Top of INPUT FOR THIS TASK

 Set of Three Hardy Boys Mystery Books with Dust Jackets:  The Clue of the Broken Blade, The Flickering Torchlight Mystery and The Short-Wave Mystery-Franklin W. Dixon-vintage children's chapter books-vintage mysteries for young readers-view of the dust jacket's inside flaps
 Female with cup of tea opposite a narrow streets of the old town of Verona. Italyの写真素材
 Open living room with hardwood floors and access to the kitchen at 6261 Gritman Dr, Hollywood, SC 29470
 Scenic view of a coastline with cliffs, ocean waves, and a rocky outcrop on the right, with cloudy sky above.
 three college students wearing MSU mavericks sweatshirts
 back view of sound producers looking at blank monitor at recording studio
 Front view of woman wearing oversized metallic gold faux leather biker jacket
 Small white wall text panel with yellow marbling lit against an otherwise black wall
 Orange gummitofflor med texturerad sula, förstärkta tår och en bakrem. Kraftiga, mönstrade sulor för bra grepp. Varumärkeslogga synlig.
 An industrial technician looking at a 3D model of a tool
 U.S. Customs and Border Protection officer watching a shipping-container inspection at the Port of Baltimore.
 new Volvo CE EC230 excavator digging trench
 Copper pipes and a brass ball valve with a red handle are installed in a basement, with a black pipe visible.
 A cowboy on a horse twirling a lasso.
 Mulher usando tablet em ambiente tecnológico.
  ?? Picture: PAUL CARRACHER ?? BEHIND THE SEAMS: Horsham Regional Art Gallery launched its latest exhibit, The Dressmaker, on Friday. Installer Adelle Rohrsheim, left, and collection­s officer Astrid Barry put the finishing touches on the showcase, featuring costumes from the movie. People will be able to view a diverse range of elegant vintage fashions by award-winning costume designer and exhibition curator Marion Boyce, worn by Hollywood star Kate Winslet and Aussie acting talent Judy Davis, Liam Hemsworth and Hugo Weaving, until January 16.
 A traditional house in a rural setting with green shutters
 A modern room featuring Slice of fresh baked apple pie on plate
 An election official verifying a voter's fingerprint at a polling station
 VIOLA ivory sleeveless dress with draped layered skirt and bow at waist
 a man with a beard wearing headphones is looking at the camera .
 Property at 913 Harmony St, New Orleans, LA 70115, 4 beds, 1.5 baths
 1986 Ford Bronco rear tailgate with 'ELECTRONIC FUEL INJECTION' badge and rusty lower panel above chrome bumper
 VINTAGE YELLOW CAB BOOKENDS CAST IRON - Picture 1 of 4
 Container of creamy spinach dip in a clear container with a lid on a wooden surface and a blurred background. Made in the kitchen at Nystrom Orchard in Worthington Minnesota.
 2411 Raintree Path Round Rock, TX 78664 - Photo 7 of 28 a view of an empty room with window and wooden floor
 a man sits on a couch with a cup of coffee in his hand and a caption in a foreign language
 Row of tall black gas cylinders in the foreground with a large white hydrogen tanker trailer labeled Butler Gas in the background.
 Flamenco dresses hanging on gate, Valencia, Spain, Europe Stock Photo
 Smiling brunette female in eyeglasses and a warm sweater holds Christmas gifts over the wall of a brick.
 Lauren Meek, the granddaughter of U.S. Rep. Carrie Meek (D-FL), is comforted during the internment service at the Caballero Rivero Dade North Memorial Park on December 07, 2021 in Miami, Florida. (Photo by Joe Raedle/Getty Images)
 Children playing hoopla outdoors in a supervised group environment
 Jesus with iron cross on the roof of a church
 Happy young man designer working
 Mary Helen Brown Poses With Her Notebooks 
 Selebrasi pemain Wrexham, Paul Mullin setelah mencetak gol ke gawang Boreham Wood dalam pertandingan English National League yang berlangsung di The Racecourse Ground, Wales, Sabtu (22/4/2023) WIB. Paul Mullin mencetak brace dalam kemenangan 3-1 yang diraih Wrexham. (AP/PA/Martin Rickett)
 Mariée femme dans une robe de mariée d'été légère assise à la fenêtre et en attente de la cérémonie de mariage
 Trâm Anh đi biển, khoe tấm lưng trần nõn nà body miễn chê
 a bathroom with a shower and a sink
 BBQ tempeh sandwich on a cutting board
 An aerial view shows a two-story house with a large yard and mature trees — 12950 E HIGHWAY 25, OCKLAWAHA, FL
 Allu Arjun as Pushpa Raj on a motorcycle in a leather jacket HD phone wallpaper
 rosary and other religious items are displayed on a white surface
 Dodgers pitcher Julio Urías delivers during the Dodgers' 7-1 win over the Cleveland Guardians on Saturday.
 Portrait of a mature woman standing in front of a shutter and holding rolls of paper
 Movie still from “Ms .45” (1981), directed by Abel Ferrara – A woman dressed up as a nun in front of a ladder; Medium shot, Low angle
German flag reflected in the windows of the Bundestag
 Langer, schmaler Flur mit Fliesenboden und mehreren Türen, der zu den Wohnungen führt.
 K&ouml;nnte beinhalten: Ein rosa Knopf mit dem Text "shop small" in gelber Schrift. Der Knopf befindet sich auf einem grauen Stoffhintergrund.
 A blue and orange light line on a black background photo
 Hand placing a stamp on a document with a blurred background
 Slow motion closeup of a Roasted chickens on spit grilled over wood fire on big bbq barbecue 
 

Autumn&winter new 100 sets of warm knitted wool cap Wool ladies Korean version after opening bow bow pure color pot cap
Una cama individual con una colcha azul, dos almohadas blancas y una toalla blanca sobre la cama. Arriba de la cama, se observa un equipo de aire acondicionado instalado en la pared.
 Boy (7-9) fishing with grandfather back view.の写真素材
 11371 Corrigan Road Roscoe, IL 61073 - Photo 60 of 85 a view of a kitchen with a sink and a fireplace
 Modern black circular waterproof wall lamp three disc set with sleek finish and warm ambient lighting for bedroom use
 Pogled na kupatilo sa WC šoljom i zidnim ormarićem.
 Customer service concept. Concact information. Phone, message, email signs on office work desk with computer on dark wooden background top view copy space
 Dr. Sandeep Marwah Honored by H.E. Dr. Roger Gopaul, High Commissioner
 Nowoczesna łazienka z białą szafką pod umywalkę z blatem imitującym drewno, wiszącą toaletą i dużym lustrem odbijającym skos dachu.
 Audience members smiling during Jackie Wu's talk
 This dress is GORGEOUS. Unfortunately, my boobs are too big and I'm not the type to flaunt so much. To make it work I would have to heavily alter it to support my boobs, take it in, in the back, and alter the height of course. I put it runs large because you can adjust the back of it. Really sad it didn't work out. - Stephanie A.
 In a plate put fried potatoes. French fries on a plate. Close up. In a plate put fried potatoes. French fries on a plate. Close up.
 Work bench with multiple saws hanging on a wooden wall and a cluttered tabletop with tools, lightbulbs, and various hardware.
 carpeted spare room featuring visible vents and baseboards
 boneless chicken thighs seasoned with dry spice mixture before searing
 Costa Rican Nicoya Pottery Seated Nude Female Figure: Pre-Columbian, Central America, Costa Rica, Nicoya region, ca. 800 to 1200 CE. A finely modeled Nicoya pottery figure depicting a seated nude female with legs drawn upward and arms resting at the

Bottom of INPUT FOR THIS TASK

- **WHAT THE TASK ASKS**
With nothing left out, copy the data above exactly.

- **WRITTEN REPLY**
 Set of Three Hardy Boys Mystery Books with Dust Jackets:  The Clue of the Broken Blade, The Flickering Torchlight Mystery and The Short-Wave Mystery-Franklin W. Dixon-vintage children's chapter books-vintage mysteries for young readers-view of the dust jacket's inside flaps
 Female with cup of tea opposite a narrow streets of the old town of Verona. Italyの写真素材
 Open living room with hardwood floors and access to the kitchen at 6261 Gritman Dr, Hollywood, SC 29470
 Scenic view of a coastline with cliffs, ocean waves, and a rocky outcrop on the right, with cloudy sky above.
 three college students wearing MSU mavericks sweatshirts
 back view of sound producers looking at blank monitor at recording studio
 Front view of woman wearing oversized metallic gold faux leather biker jacket
 Small white wall text panel with yellow marbling lit against an otherwise black wall
 Orange gummitofflor med texturerad sula, förstärkta tår och en bakrem. Kraftiga, mönstrade sulor för bra grepp. Varumärkeslogga synlig.
 An industrial technician looking at a 3D model of a tool
 U.S. Customs and Border Protection officer watching a shipping-container inspection at the Port of Baltimore.
 new Volvo CE EC230 excavator digging trench
 Copper pipes and a brass ball valve with a red handle are installed in a basement, with a black pipe visible.
 A cowboy on a horse twirling a lasso.
 Mulher usando tablet em ambiente tecnológico.
  ?? Picture: PAUL CARRACHER ?? BEHIND THE SEAMS: Horsham Regional Art Gallery launched its latest exhibit, The Dressmaker, on Friday. Installer Adelle Rohrsheim, left, and collection­s officer Astrid Barry put the finishing touches on the showcase, featuring costumes from the movie. People will be able to view a diverse range of elegant vintage fashions by award-winning costume designer and exhibition curator Marion Boyce, worn by Hollywood star Kate Winslet and Aussie acting talent Judy Davis, Liam Hemsworth and Hugo Weaving, until January 16.
 A traditional house in a rural setting with green shutters
 A modern room featuring Slice of fresh baked apple pie on plate
 An election official verifying a voter's fingerprint at a polling station
 VIOLA ivory sleeveless dress with draped layered skirt and bow at waist
 a man with a beard wearing headphones is looking at the camera .
 Property at 913 Harmony St, New Orleans, LA 70115, 4 beds, 1.5 baths
 1986 Ford Bronco rear tailgate with 'ELECTRONIC FUEL INJECTION' badge and rusty lower panel above chrome bumper
 VINTAGE YELLOW CAB BOOKENDS CAST IRON - Picture 1 of 4
 Container of creamy spinach dip in a clear container with a lid on a wooden surface and a blurred background. Made in the kitchen at Nystrom Orchard in Worthington Minnesota.
 2411 Raintree Path Round Rock, TX 78664 - Photo 7 of 28 a view of an empty room with window and wooden floor
 a man sits on a couch with a cup of coffee in his hand and a caption in a foreign language
 Row of tall black gas cylinders in the foreground with a large white hydrogen tanker trailer labeled Butler Gas in the background.
 Flamenco dresses hanging on gate, Valencia, Spain, Europe Stock Photo
 Smiling brunette female in eyeglasses and a warm sweater holds Christmas gifts over the wall of a brick.
 Lauren Meek, the granddaughter of U.S. Rep. Carrie Meek (D-FL), is comforted during the internment service at the Caballero Rivero Dade North Memorial Park on December 07, 2021 in Miami, Florida. (Photo by Joe Raedle/Getty Images)
 Children playing hoopla outdoors in a supervised group environment
 Jesus with iron cross on the roof of a church
 Happy young man designer working
 Mary Helen Brown Poses With Her Notebooks 
 Selebrasi pemain Wrexham, Paul Mullin setelah mencetak gol ke gawang Boreham Wood dalam pertandingan English National League yang berlangsung di The Racecourse Ground, Wales, Sabtu (22/4/2023) WIB. Paul Mullin mencetak brace dalam kemenangan 3-1 yang diraih Wrexham. (AP/PA/Martin Rickett)
 Mariée femme dans une robe de mariée d'été légère assise à la fenêtre et en attente de la cérémonie de mariage
 Trâm Anh đi biển, khoe tấm lưng trần nõn nà body miễn chê
 a bathroom with a shower and a sink
 BBQ tempeh sandwich on a cutting board
 An aerial view shows a two-story house with a large yard and mature trees — 12950 E HIGHWAY 25, OCKLAWAHA, FL
 Allu Arjun as Pushpa Raj on a motorcycle in a leather jacket HD phone wallpaper
 rosary and other religious items are displayed on a white surface
 Dodgers pitcher Julio Urías delivers during the Dodgers' 7-1 win over the Cleveland Guardians on Saturday.
 Portrait of a mature woman standing in front of a shutter and holding rolls of paper
 Movie still from “Ms .45” (1981), directed by Abel Ferrara – A woman dressed up as a nun in front of a ladder; Medium shot, Low angle
German flag reflected in the windows of the Bundestag
 Langer, schmaler Flur mit Fliesenboden und mehreren Türen, der zu den Wohnungen führt.
 K&ouml;nnte beinhalten: Ein rosa Knopf mit dem Text "shop small" in gelber Schrift. Der Knopf befindet sich auf einem grauen Stoffhintergrund.
 A blue and orange light line on a black background photo
 Hand placing a stamp on a document with a blurred background
 Slow motion closeup of a Roasted chickens on spit grilled over wood fire on big bbq barbecue 
 

Autumn&winter new 100 sets of warm knitted wool cap Wool ladies Korean version after opening bow bow pure color pot cap
Una cama individual con una colcha azul, dos almohadas blancas y una toalla blanca sobre la cama. Arriba de la cama, se observa un equipo de aire acondicionado instalado en la pared.
 Boy (7-9) fishing with grandfather back view.の写真素材
 11371 Corrigan Road Roscoe, IL 61073 - Photo 60 of 85 a view of a kitchen with a sink and a fireplace
 Modern black circular waterproof wall lamp three disc set with sleek finish and warm ambient lighting for bedroom use
 Pogled na kupatilo sa WC šoljom i zidnim ormarićem.
 Customer service concept. Concact information. Phone, message, email signs on office work desk with computer on dark wooden background top view copy space
 Dr. Sandeep Marwah Honored by H.E. Dr. Roger Gopaul, High Commissioner
 Nowoczesna łazienka z białą szafką pod umywalkę z blatem imitującym drewno, wiszącą toaletą i dużym lustrem odbijającym skos dachu.
 Audience members smiling during Jackie Wu's talk
 This dress is GORGEOUS. Unfortunately, my boobs are too big and I'm not the type to flaunt so much. To make it work I would have to heavily alter it to support my boobs, take it in, in the back, and alter the height of course. I put it runs large because you can adjust the back of it. Really sad it didn't work out. - Stephanie A.
 In a plate put fried potatoes. French fries on a plate. Close up. In a plate put fried potatoes. French fries on a plate. Close up.
 Work bench with multiple saws hanging on a wooden wall and a cluttered tabletop with tools, lightbulbs, and various hardware.
 carpeted spare room featuring visible vents and baseboards
 boneless chicken thighs seasoned with dry spice mixture before searing
 Costa Rican Nicoya Pottery Seated Nude Female Figure: Pre-Columbian, Central America, Costa Rica, Nicoya region, ca. 800 to 1200 CE. A finely modeled Nicoya pottery figure depicting a seated nude female with legs drawn upward and arms resting at the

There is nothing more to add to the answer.